You may have heard some news
before like ABC directors of a company are charged with offense of Insider
trading. What basically is insider trading? Insider trading as the name says
trading the “inside”. In other words, the
leaking of price sensitive information by someone who has access to the private
and material information of the company. Insiders include, but not limited
to, CEO, Director and Key Employees of
the company. It will affect the company as leaking of companies result will
fluctuate the share price. Let me explain this with an example
Suppose a director of ABC Ltd. has
information that prices of shares will sharply fall the next day when ABC ltd.

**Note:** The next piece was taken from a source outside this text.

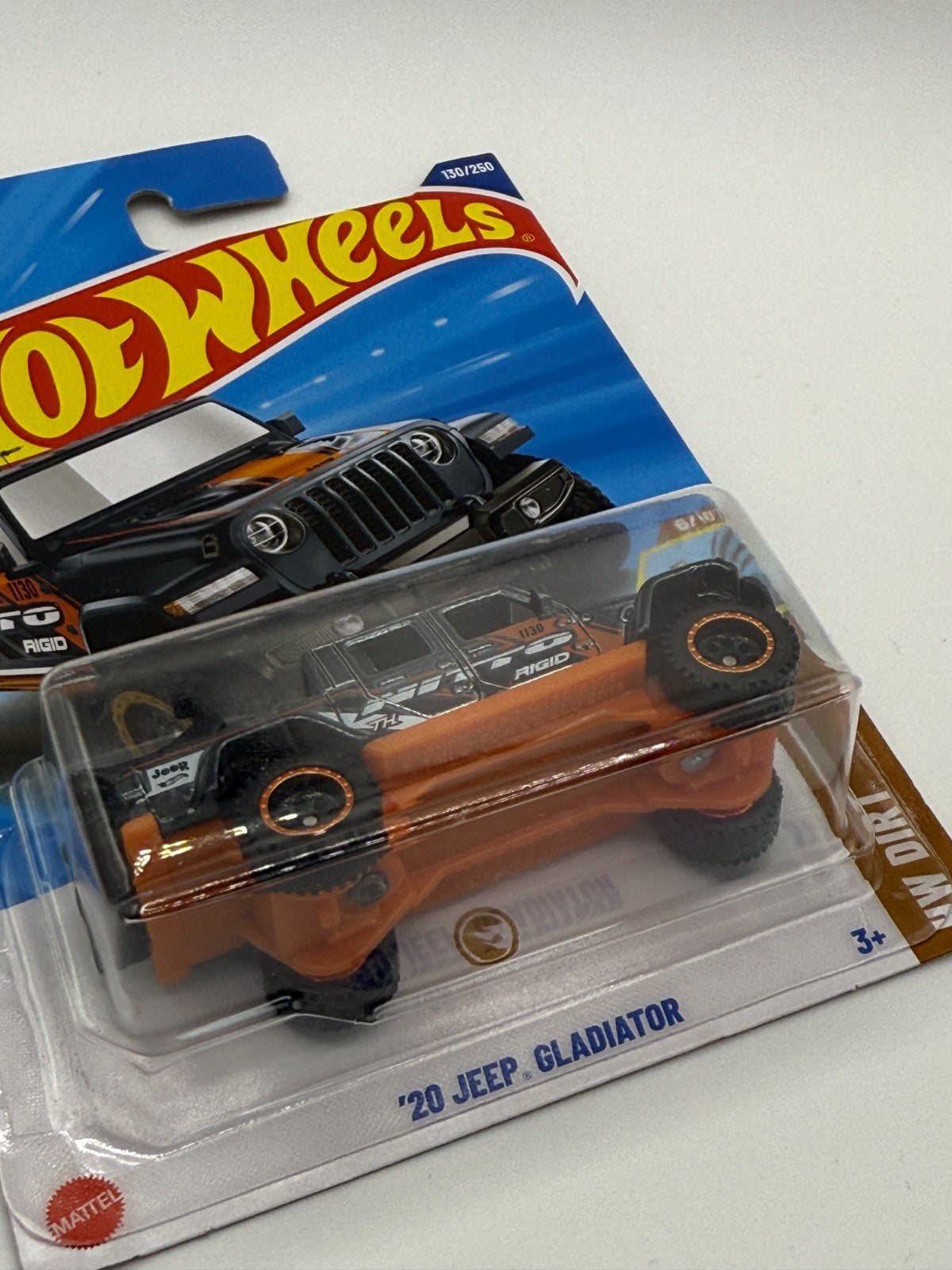 2025 Hot Wheels Super Treasure Hunt HW Dirt 6/10 '20 Jeep Gladiator W/Protector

will announce its yearly financial results. Director passes the same info to
Hedge fund manager over a cup of coffee. And hedge fund manager in return
passes the same to his friend who is a lawyer over personal dinner. After that
lawyer tells his wife that shares will sharply fall. So lawyer’s wife who is
holding 10% shares of the company sold all her stake before announcement of
result. So eventually company is in loss because of this transaction and lawyer’s
wife is in profit. As money saved is money earned.
Who is liable for insider
trading? Director obviously is responsible for insider trading but along with
him tippees are also liable for one or
more offenses including heavy fines and imprisonment. So all 4 of them will
be liable for the same. But it is very hard to prove it. As it must be proved “beyond reasonable doubt.” Which is why
too many people still get away with it.